*What the task requires:* Repeat the whole listing word for word, skipping pictures.

*Data excerpt:*

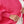 Stripped_Pattern_Cardigan_Fuchsia
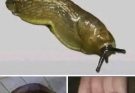 Did you know that when a SLUG visits your house it means that you have…See more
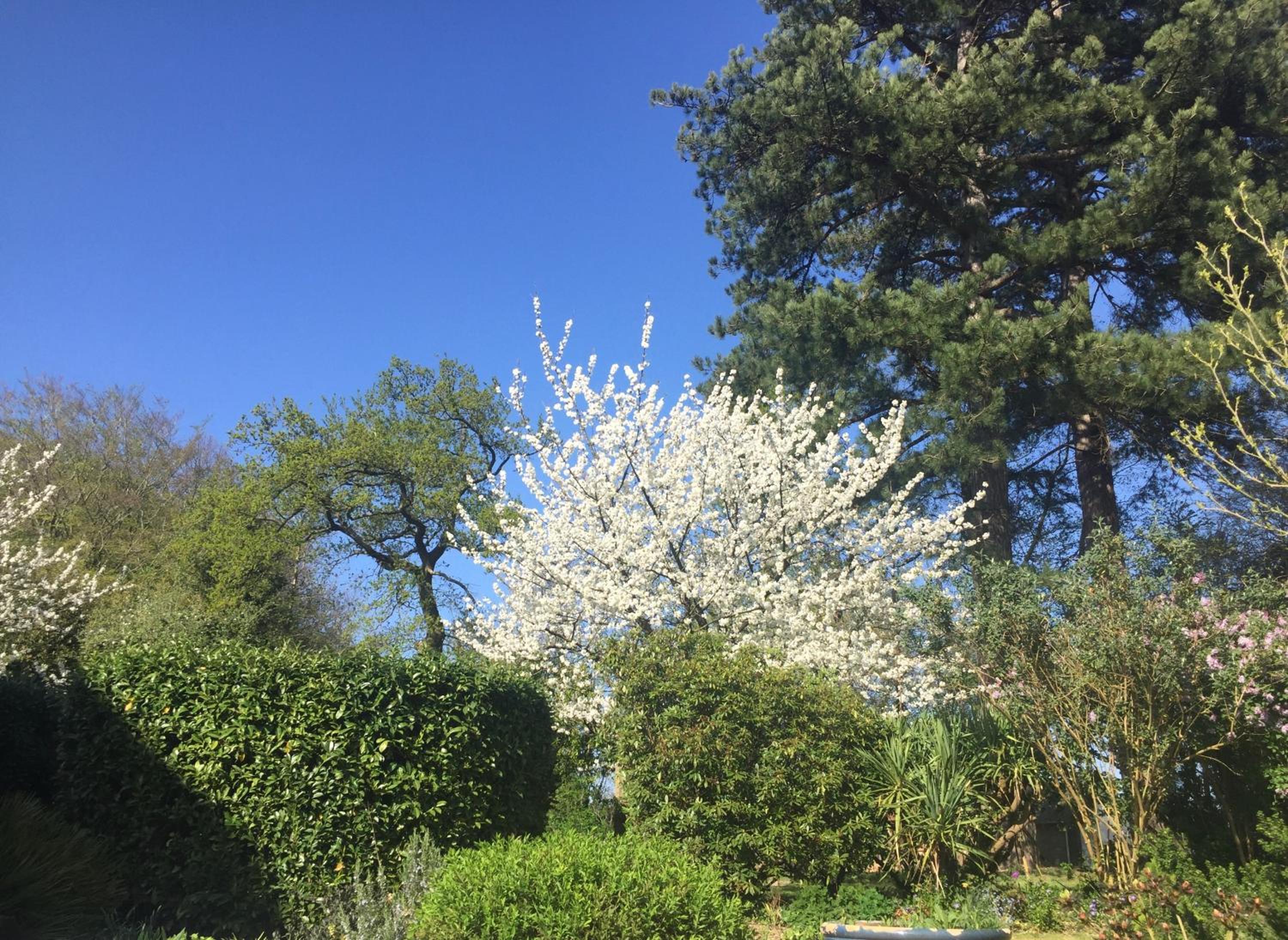 Les Sous Bois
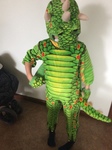 Dragon Costume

*Expected answer:*
 Stripped_Pattern_Cardigan_Fuchsia
 Did you know that when a SLUG visits your house it means that you have…See more
 Les Sous Bois
 Dragon Costume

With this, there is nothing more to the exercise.